Option four: internal management buyout
Where the practice has senior staff who have both the inclination and the financial means to take on ownership, an internal MBO can be a clean cultural transition. The structure is typically deferred consideration over five to seven years, funded out of practice profits. The outgoing principal carries significant credit risk on the deferred portion. The deal documentation is substantial. The transition from employment to ownership has tax, employment law, and partnership agreement components that all need to be addressed.
The route preserves the firm's identity and culture, which matters to many principals. It also depends entirely on the senior team being able and willing, and on the financial structure being workable. Where the senior staff cannot raise the deposit or the practice cannot service the deferred consideration out of cash flow, the route is not viable. Where it works, it works well.
Option five: gradual wind-down with client referrals
The principal stops taking new work, refers clients to other firms over an eighteen-month to three-year period, and closes the practice at the end. The principal recovers the ongoing fees during the wind-down period. The goodwill value is lost entirely. Some practices are referred out with a small introduction fee from the receiving firm. Typically that is a single year of fee income on the referred client, paid over twelve months.
The route appeals to principals who do not want to deal with the complexity of a sale. It appeals to those with small books that no buyer is interested in. It appeals to those who want to control the pace of their own retirement absolutely. It leaves money on the table compared with a sale. The money it leaves is the goodwill value, which on a £350k book might be £350k of foregone consideration. For some principals, that is too much; for others, it is the cost of an arrangement that suits them better.
Which option fits which practice profile
The sole principal trading a £200k to £500k general-practice book in a regional market is best suited to the direct sale route. The book is too small for PE platforms to engage with. It is too dependent on the principal's personal involvement for an MBO without an obvious successor. It would lose meaningful value in a wind-down. The direct route delivers a defined exit with a fair multiple, in a defined timeline, with the staff and client outcomes that the principal cares about.
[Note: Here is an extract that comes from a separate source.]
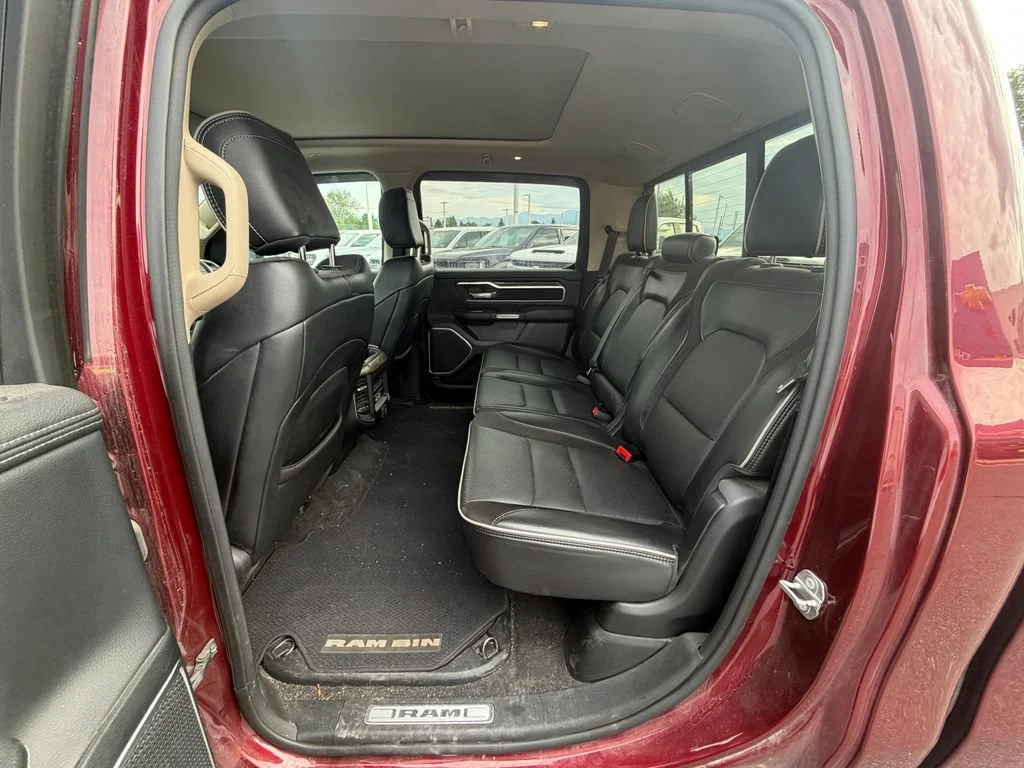 Used 2020 Maroon Ram Laramie image 4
The two-partner practice with a £600k to £900k book and a senior manager team is on the boundary between direct sale and PE platform. The right answer depends on the partners' individual priorities. Where the partners want a clean break and a credible commitment on staff and clients, the direct route still wins. Where they value the headline number above the structure and are willing to stay involved for three to five years, the PE route may deliver more cash. That holds even after the deferral discount.
The three-partner practice with a £1m+ book is typically beyond the reach of regional direct buyers. The PE platform route, broker-introduced sale, and trade sale to a larger regional buyer are the realistic options. The decision turns on cultural fit and on the partners' willingness to remain involved. It also turns on what the various offers look like once the structure is laid out side by side.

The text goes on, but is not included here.